# Source information:
····················

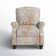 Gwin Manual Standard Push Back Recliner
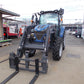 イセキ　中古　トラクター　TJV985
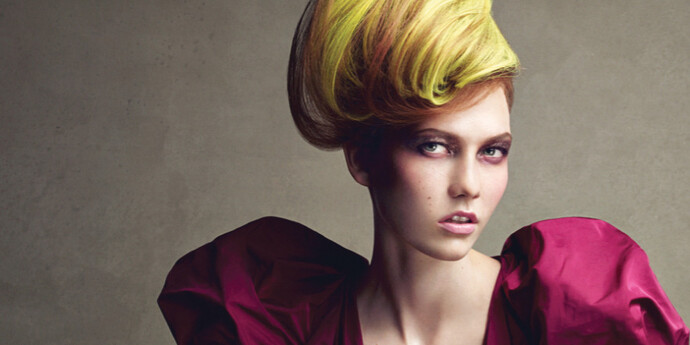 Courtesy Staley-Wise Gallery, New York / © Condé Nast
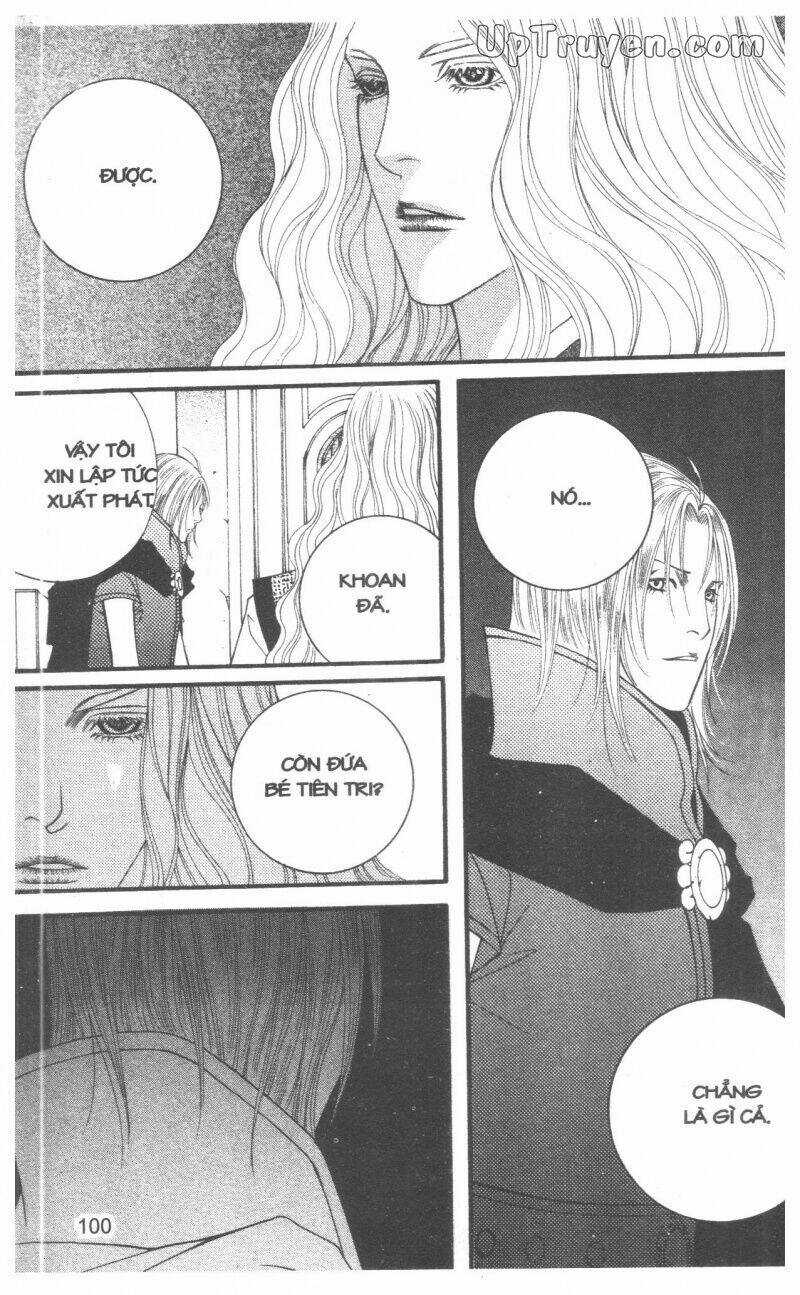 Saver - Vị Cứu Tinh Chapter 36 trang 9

····················

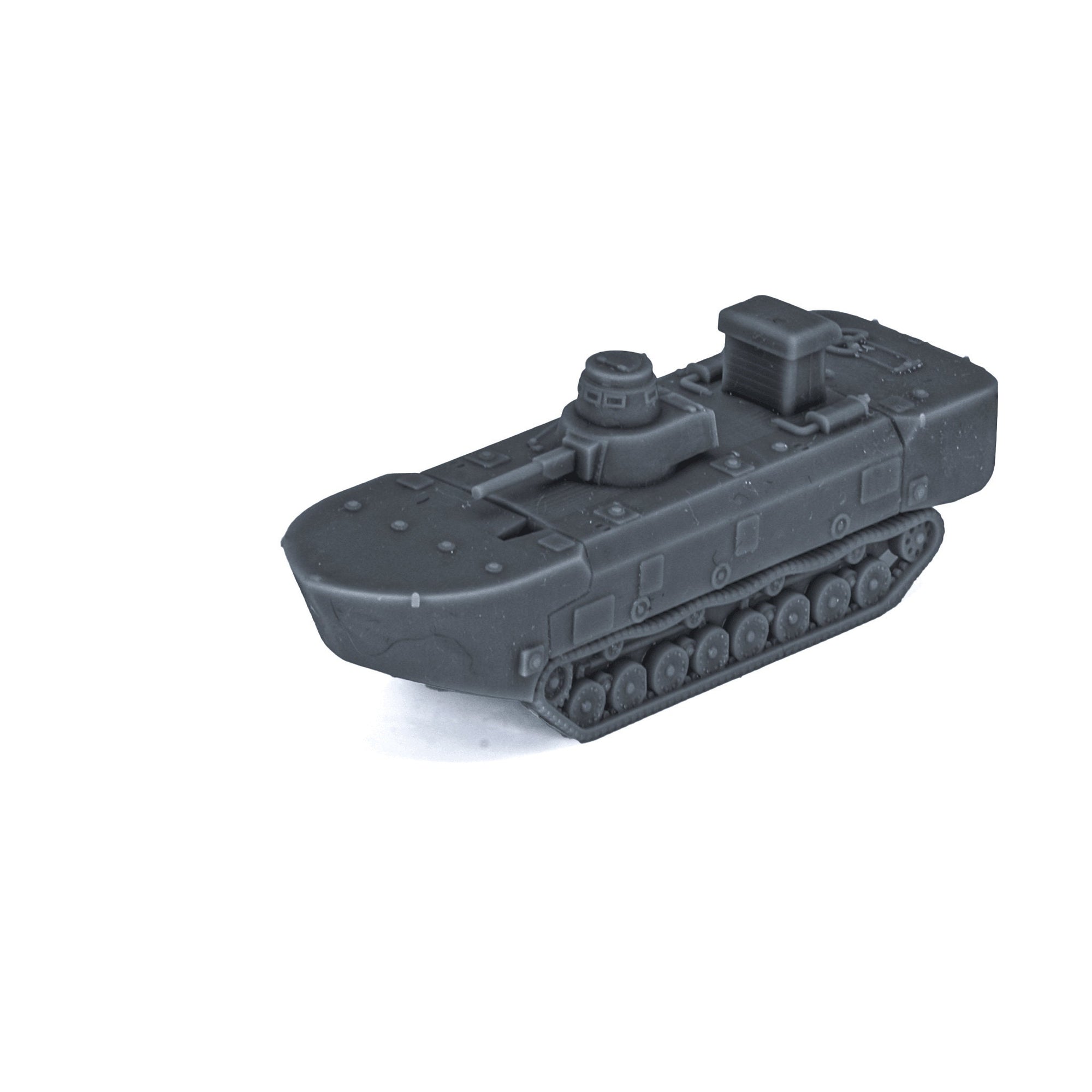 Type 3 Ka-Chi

····················

# Work request:
In the listing above, find the line with "Gwin Manual Standard Push Back Recliner" and output every line through the one with "Saver - Vị Cứu Tinh Chapter 36 trang 9", exactly, without the pictures.

# Exercise response:
 Gwin Manual Standard Push Back Recliner
 イセキ　中古　トラクター　TJV985
 Courtesy Staley-Wise Gallery, New York / © Condé Nast
 Saver - Vị Cứu Tinh Chapter 36 trang 9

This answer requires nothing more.